> WHAT YOU NEED TO DO
Using the records below, transcribe exactly only the lines from the one with "5pcs 5ml Colorful" through the end, both included, and drop every picture.

** Opening INPUT RECORDS block **

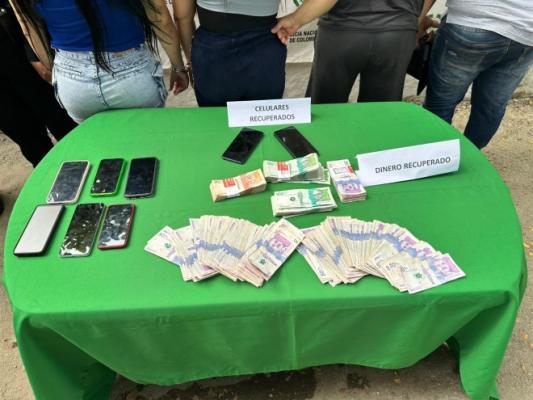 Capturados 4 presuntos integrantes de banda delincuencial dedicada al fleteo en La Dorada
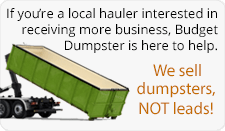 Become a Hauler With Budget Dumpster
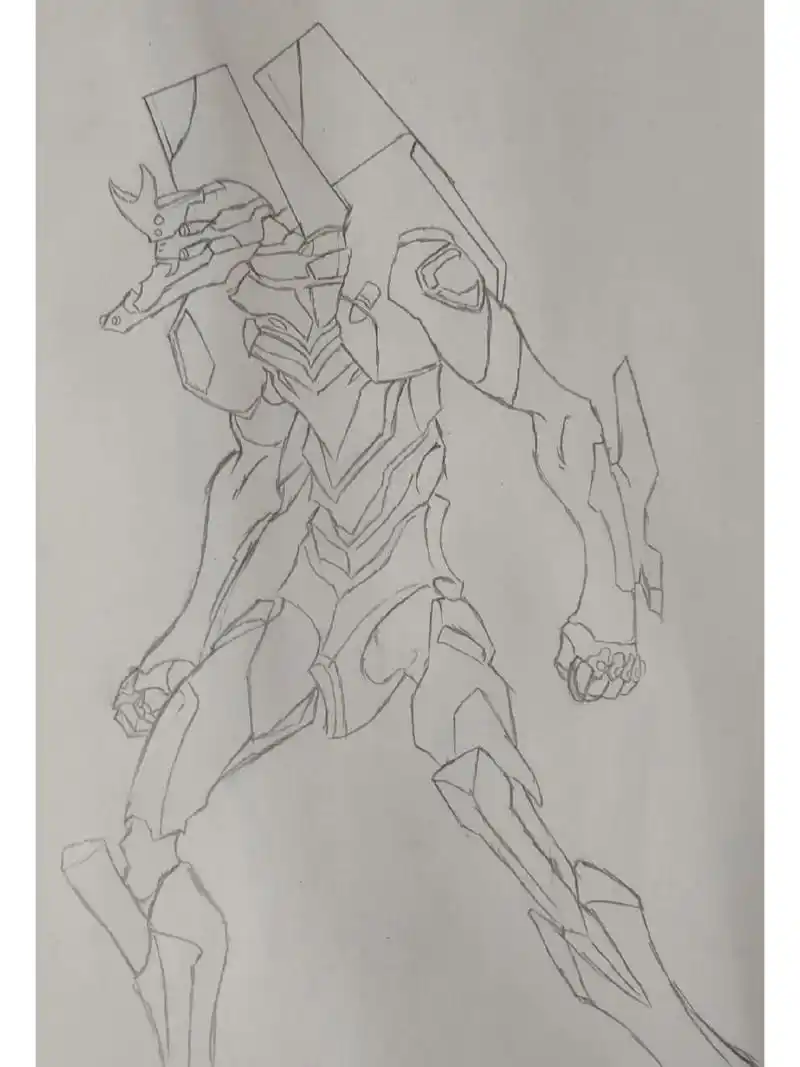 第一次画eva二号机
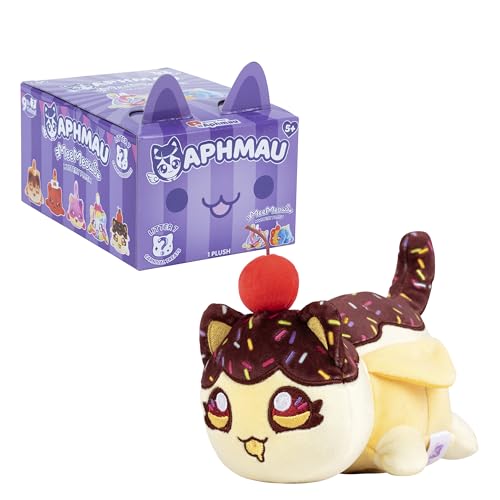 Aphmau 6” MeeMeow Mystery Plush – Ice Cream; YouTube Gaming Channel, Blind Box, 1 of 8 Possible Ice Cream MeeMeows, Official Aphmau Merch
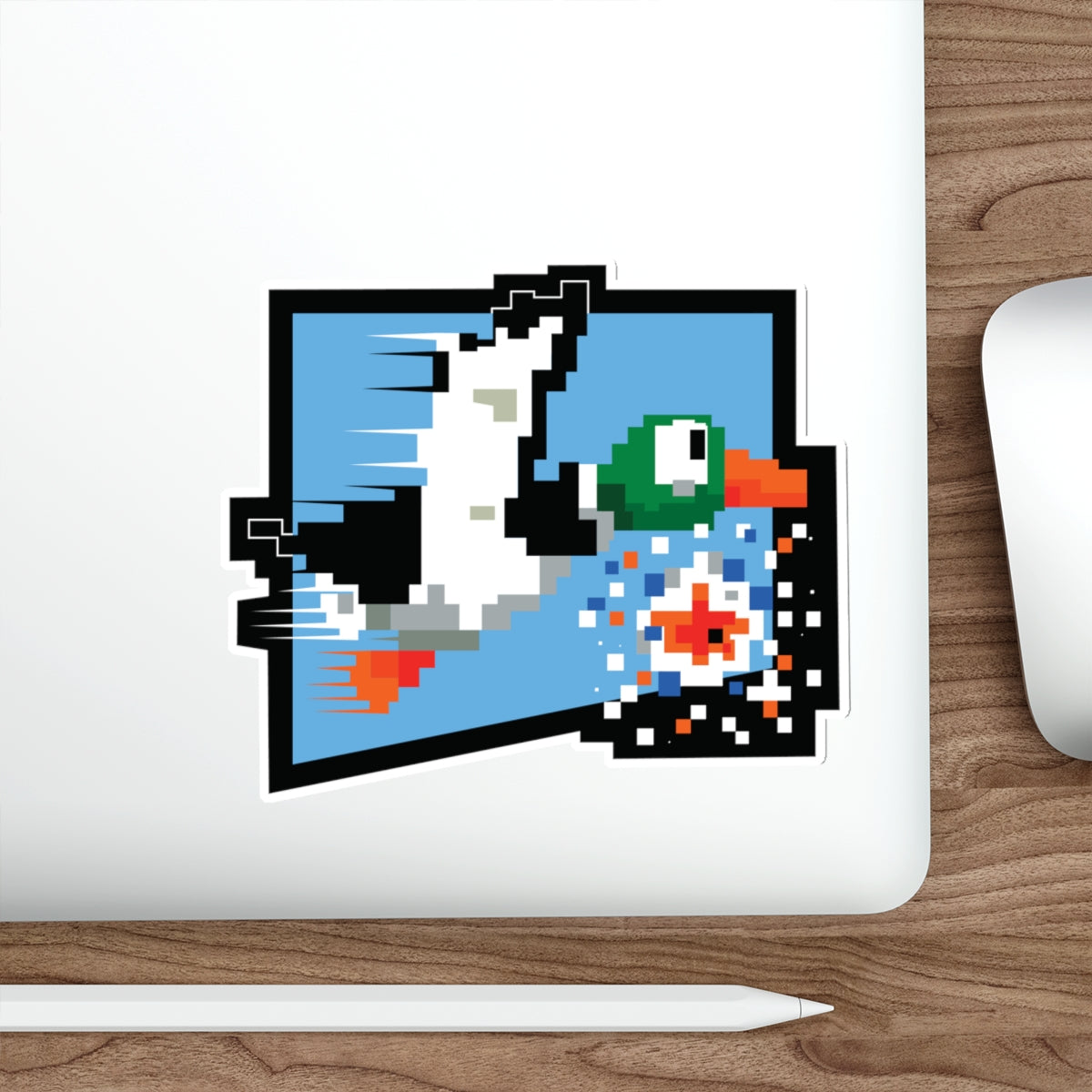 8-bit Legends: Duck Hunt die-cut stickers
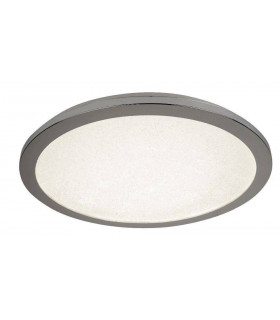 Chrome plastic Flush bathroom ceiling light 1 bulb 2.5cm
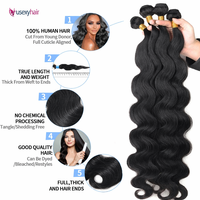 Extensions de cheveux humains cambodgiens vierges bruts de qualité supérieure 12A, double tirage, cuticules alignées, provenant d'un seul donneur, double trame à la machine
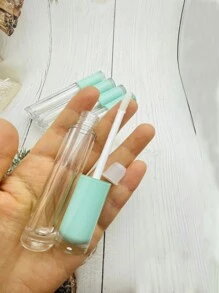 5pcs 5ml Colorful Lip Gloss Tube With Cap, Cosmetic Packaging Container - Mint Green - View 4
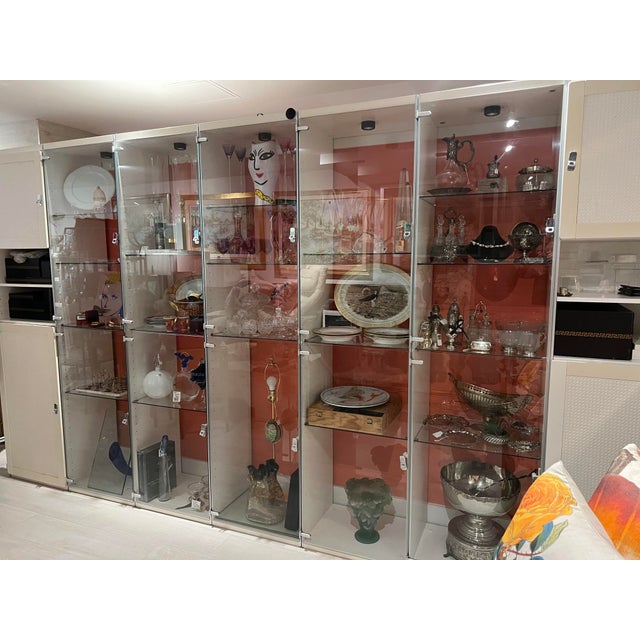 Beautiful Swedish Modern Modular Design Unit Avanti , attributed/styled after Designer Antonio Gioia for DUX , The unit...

** Closing INPUT RECORDS block **

> RESPONSE BOX
 5pcs 5ml Colorful Lip Gloss Tube With Cap, Cosmetic Packaging Container - Mint Green - View 4
 Beautiful Swedish Modern Modular Design Unit Avanti , attributed/styled after Designer Antonio Gioia for DUX , The unit...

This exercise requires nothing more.